## DATA RECORDS

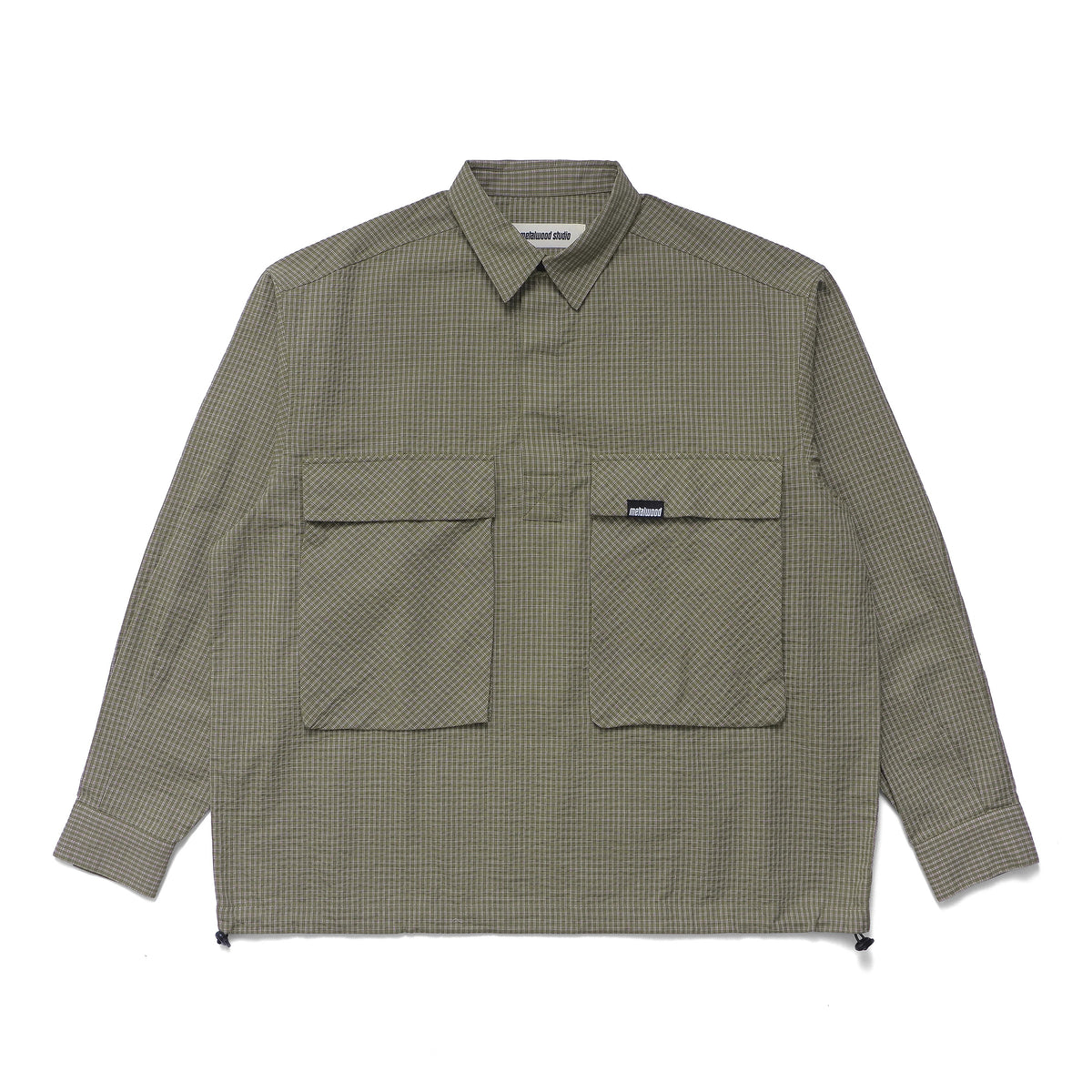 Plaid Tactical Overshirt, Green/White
---
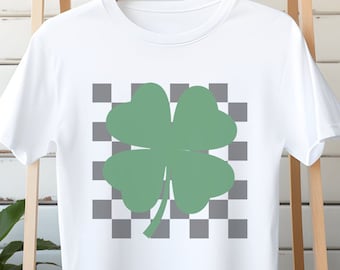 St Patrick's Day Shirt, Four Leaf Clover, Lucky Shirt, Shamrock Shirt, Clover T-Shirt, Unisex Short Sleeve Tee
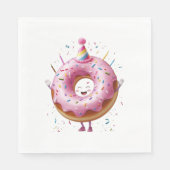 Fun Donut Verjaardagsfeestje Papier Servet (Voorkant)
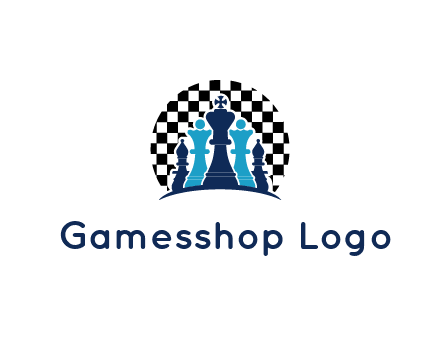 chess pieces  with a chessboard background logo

## PROBLEM
The answer must be the part of the records that opens with the line containing "Fun Donut Verjaardagsfeestje" and closes with the line containing "chessboard background logo", reproduced exactly, with no pictures.

## REPLY TO THE TASK
 Fun Donut Verjaardagsfeestje Papier Servet (Voorkant)
 chess pieces  with a chessboard background logo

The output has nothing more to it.